### REQUIREMENT
Through the line with "Hobbywing QuicRun Fusion" and starting from the first line, return the records below word for word, with pictures left out.

START RECORD EXCERPTS

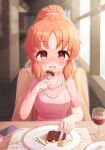  1girl abe_nana alcohol blush breasts cup dated dress drinking_glass eating food fork hair_tie highres holding holding_fork idolmaster idolmaster_cinderella_girls j2l jewelry large_breasts looking_at_viewer medium_hair necklace open_mouth own_hands_clasped own_hands_together parted_bangs pearl_necklace ponytail pov_across_table purple_dress red_eyes short_sleeves sidelocks solo steak wine wine_glass 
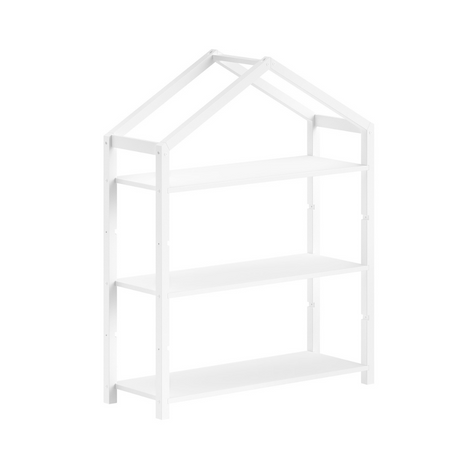 The Dallas Kids Bookcase in White Scandinavian pine features a spacious bookshelf perfect for kids toys and accessories with a playful house shaped design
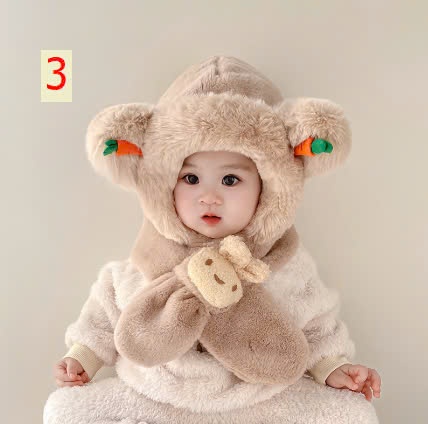 24HA1310.12 - MŨ LÔNG THỎ CÀ RỐT CHO BÉ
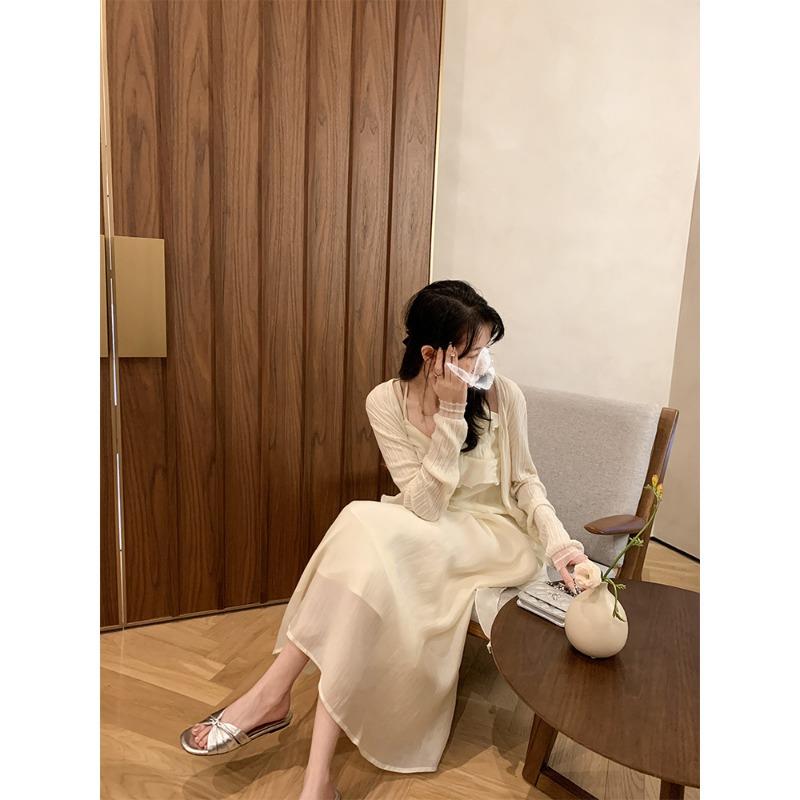 Leather version~ square-headed lambskin pleated flat-bottomed slippers women's cool slippers outer wear summer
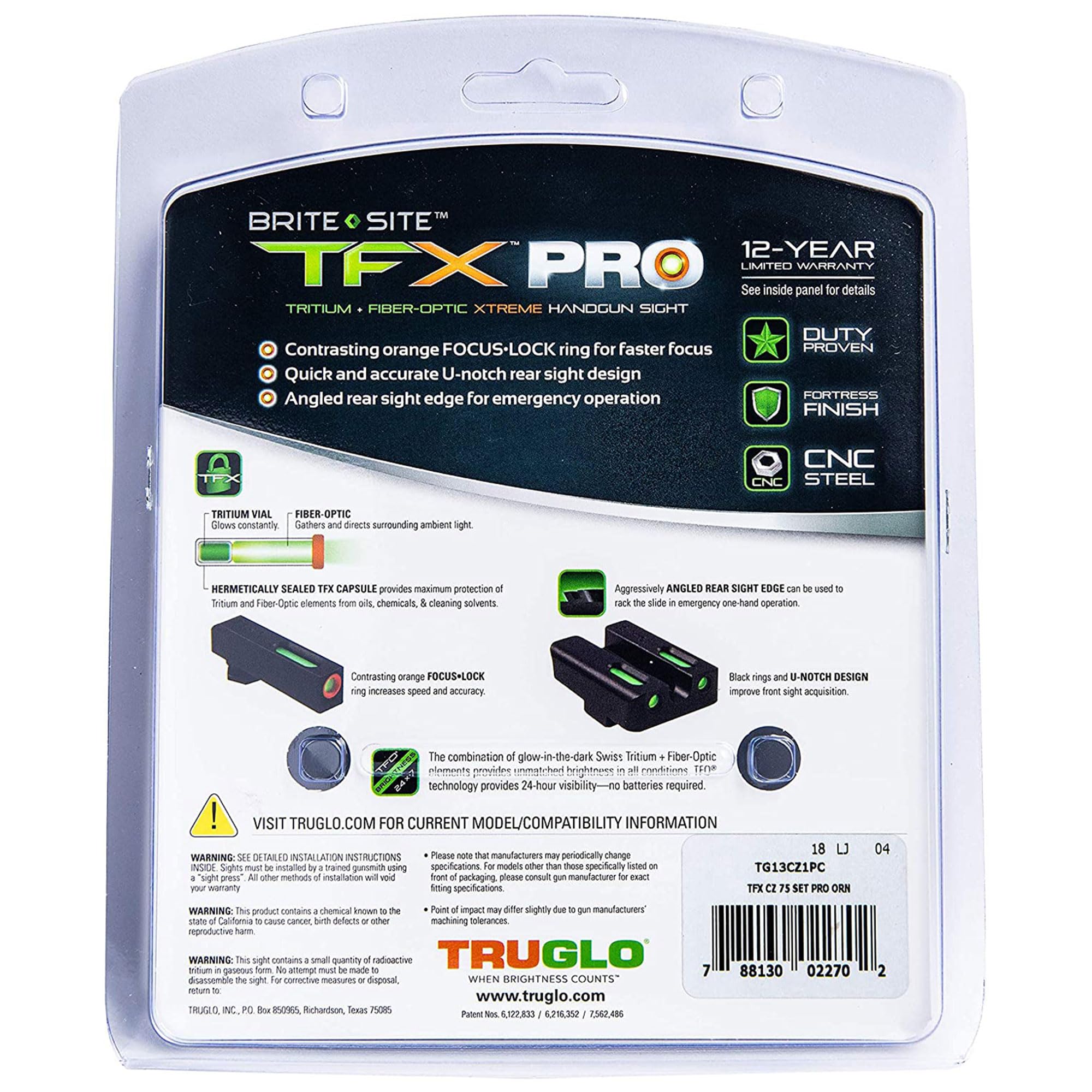 TruGlo TFK Pro Fiber Optic & Tritium Handgun Sights (3 Pack) - Fortress Finish Protection, Angled Rear Sight for CZ 75 Pistols - Perfect for Low Light Shooting, Tactical Training & Home Defense
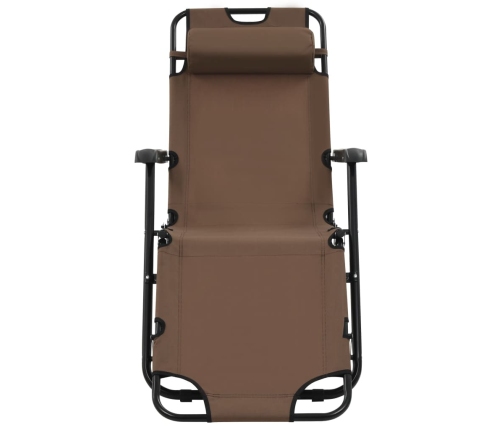 vidaXL sauļošanās krēsli, 2 gab., ar kāju balstu, tērauds, brūni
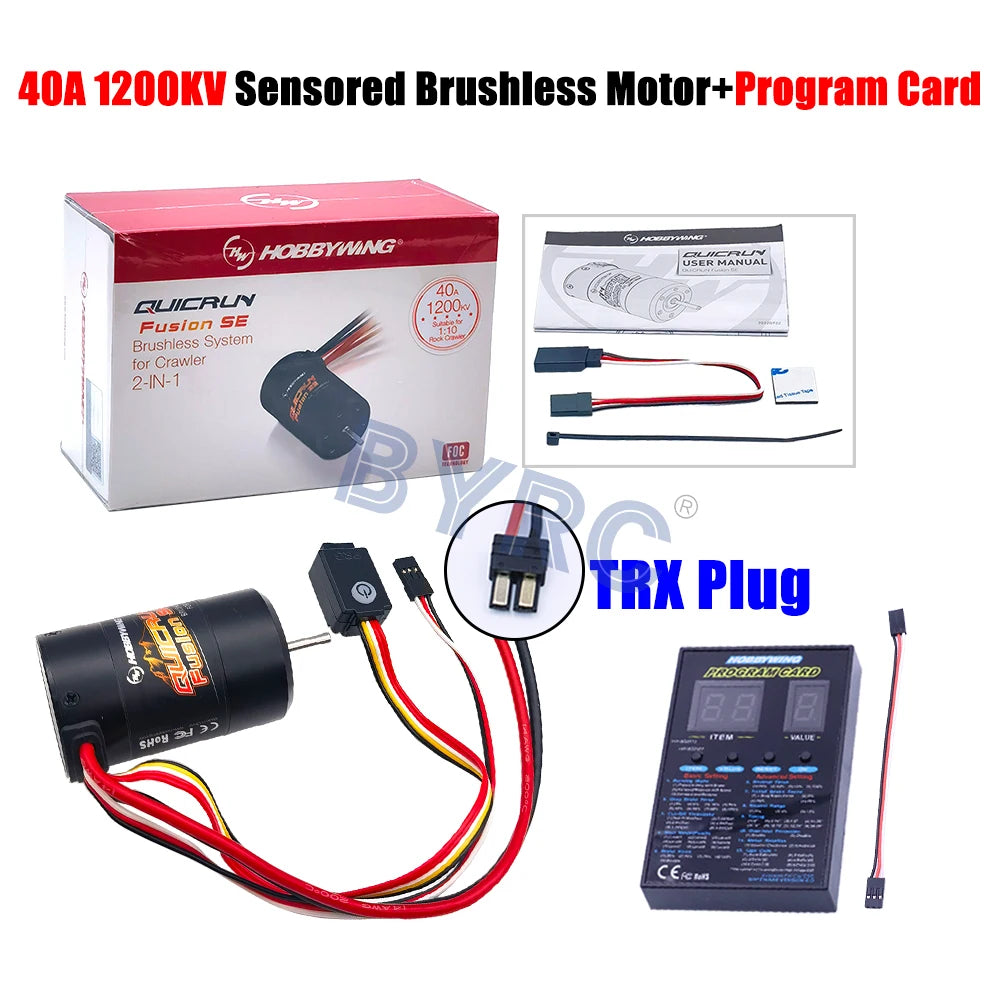 Hobbywing QuicRun Fusion SE 2-IN-1 40A 1200KV 1800KV  Brushless Sensored Waterproof Motor For 1/10 RC Rock Crawler Car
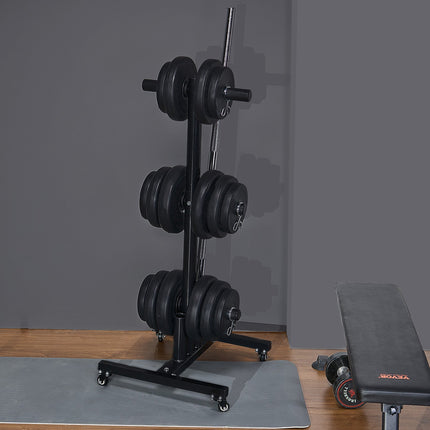 Weight Plate Tree with Wheels for 2 in Plates, 1000 lb Capacity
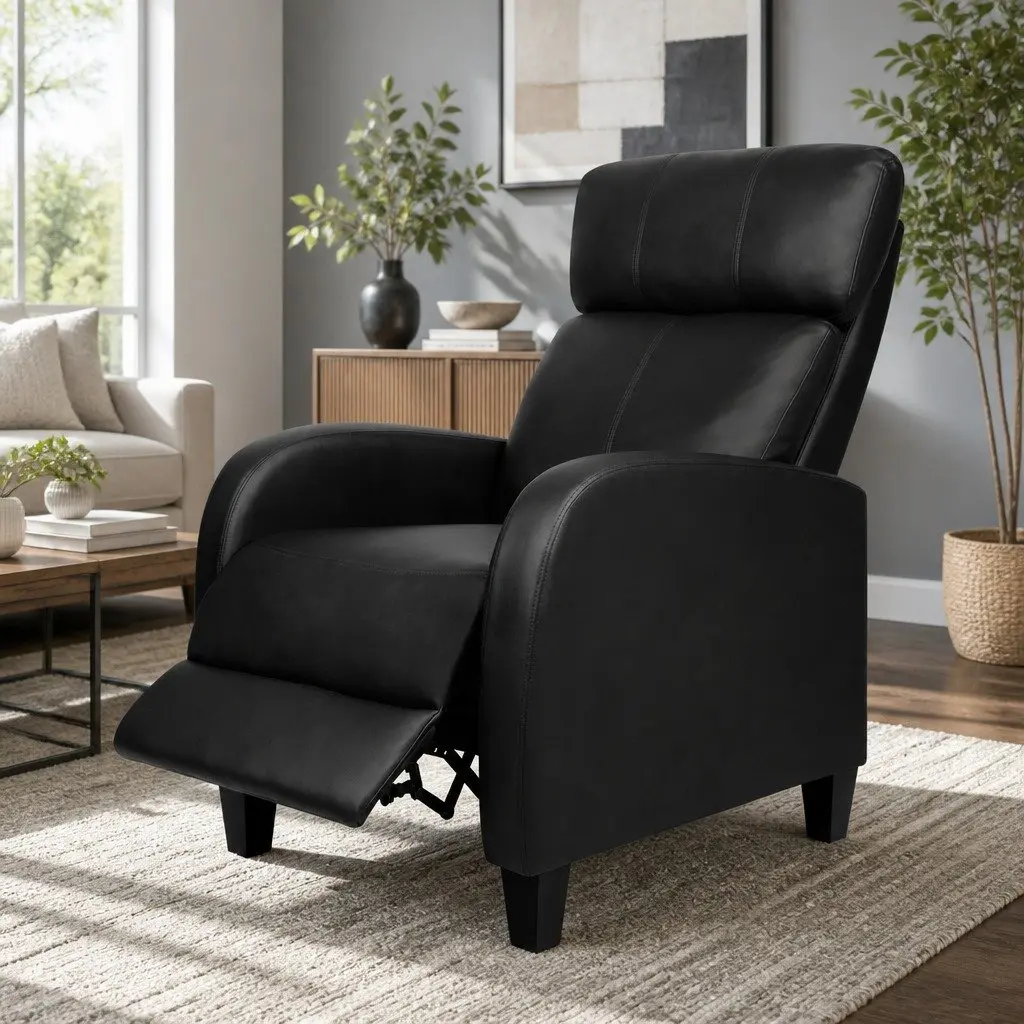 Black Reclining Armchair with Thick Cushioning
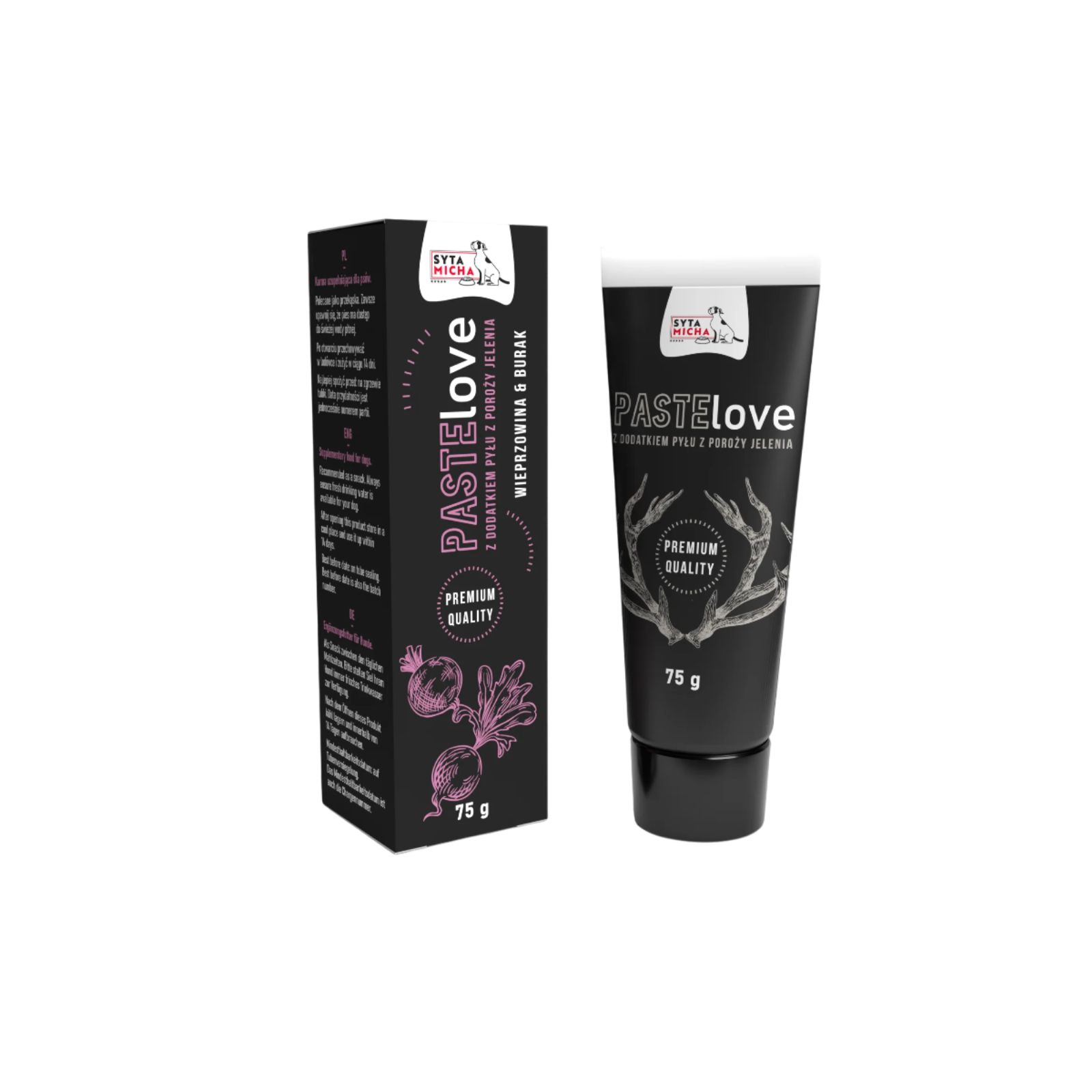 Syta Micha PasteLOVE mięsna pasta z wieprzowiną i burakiem dodatek do karmy dla psa 75g  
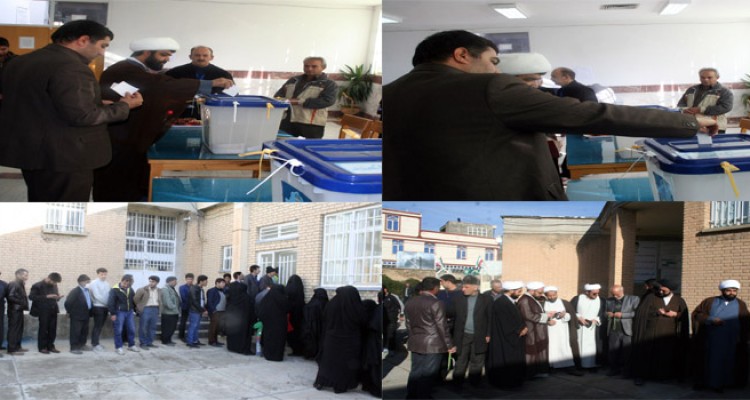 گزارش تصویری از حضور پر شور مردم هرسین در انتخابات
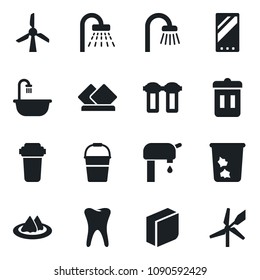 Set of vector isolated black icon - trash bin vector, shower, bucket, tooth, mobile, blank box, water supply, bathroom, serviette, filter, windmill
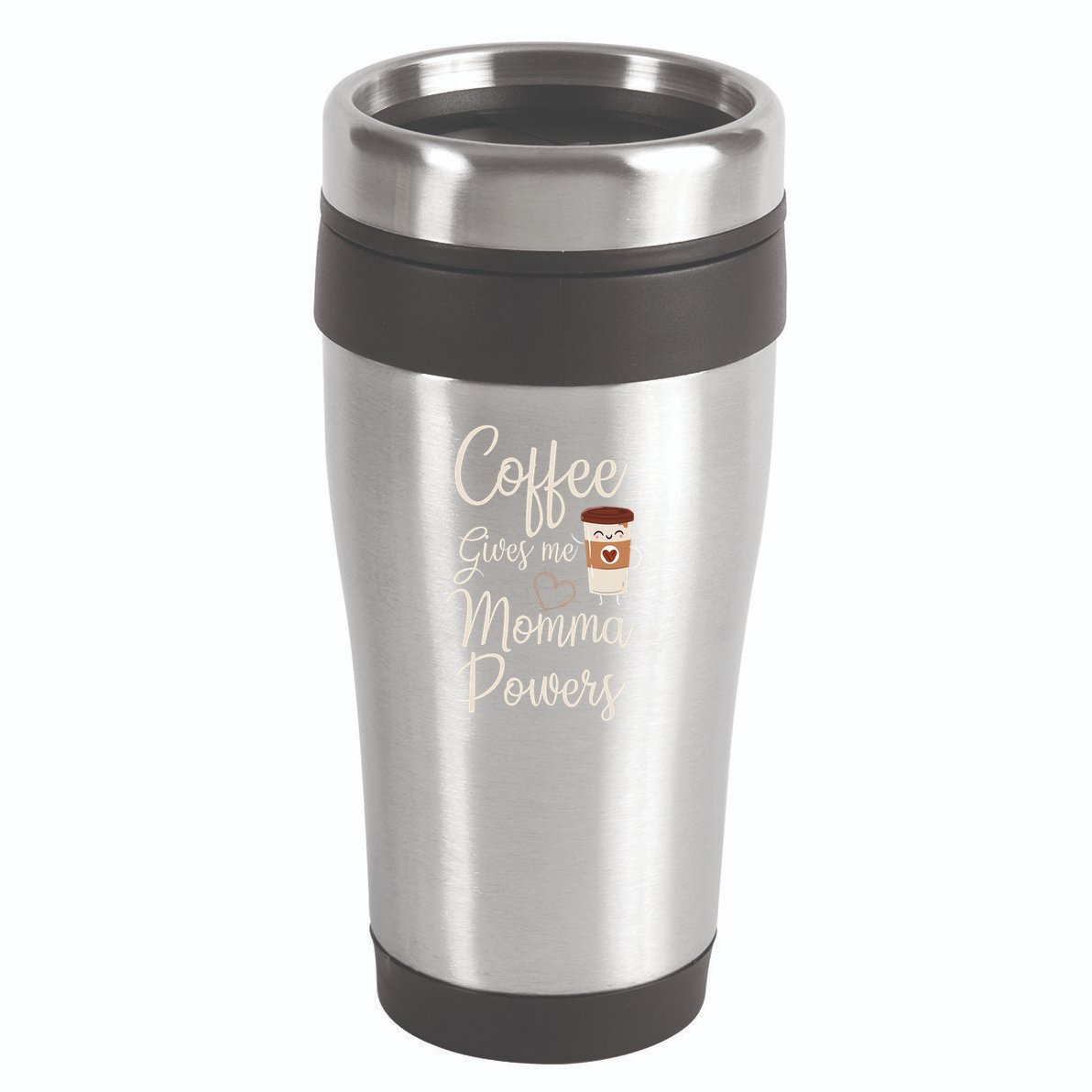 Coffee Gives Me Momma Powers MotherS Day Coffee Mom 16oz Travel Tumbler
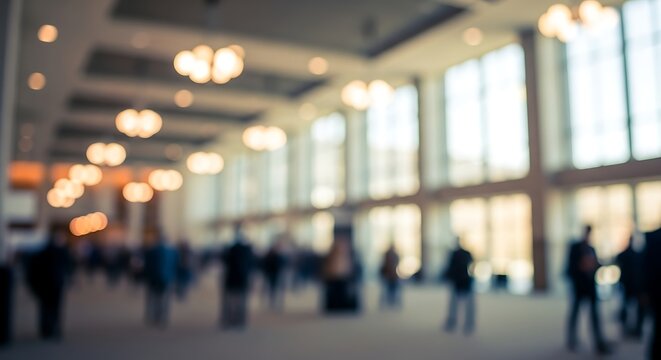 Blurred view of people walking through a bright modern building with large windows and hanging lights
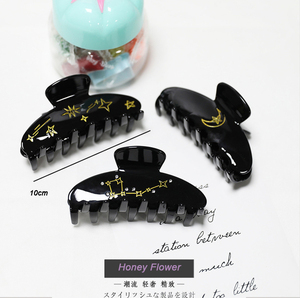 FLEUR DE MIEL Ancienne 10.5cm Style Étoile Lune Grande Ourse Fil D'or Élégant Acétate <span class=keywords><strong>Pince</strong></span> À Cheveux <span class=keywords><strong>Crabe</strong></span> - Product Image 1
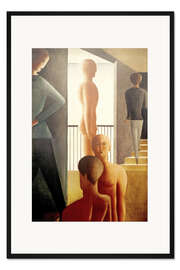 Gerahmter Kunstdruck Fünf Männer im Raum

END RECORD EXCERPTS

### SOLUTION FOR THIS EXERCISE
  1girl abe_nana alcohol blush breasts cup dated dress drinking_glass eating food fork hair_tie highres holding holding_fork idolmaster idolmaster_cinderella_girls j2l jewelry large_breasts looking_at_viewer medium_hair necklace open_mouth own_hands_clasped own_hands_together parted_bangs pearl_necklace ponytail pov_across_table purple_dress red_eyes short_sleeves sidelocks solo steak wine wine_glass 
 The Dallas Kids Bookcase in White Scandinavian pine features a spacious bookshelf perfect for kids toys and accessories with a playful house shaped design
 24HA1310.12 - MŨ LÔNG THỎ CÀ RỐT CHO BÉ
 Leather version~ square-headed lambskin pleated flat-bottomed slippers women's cool slippers outer wear summer
 TruGlo TFK Pro Fiber Optic & Tritium Handgun Sights (3 Pack) - Fortress Finish Protection, Angled Rear Sight for CZ 75 Pistols - Perfect for Low Light Shooting, Tactical Training & Home Defense
 vidaXL sauļošanās krēsli, 2 gab., ar kāju balstu, tērauds, brūni
 Hobbywing QuicRun Fusion SE 2-IN-1 40A 1200KV 1800KV  Brushless Sensored Waterproof Motor For 1/10 RC Rock Crawler Car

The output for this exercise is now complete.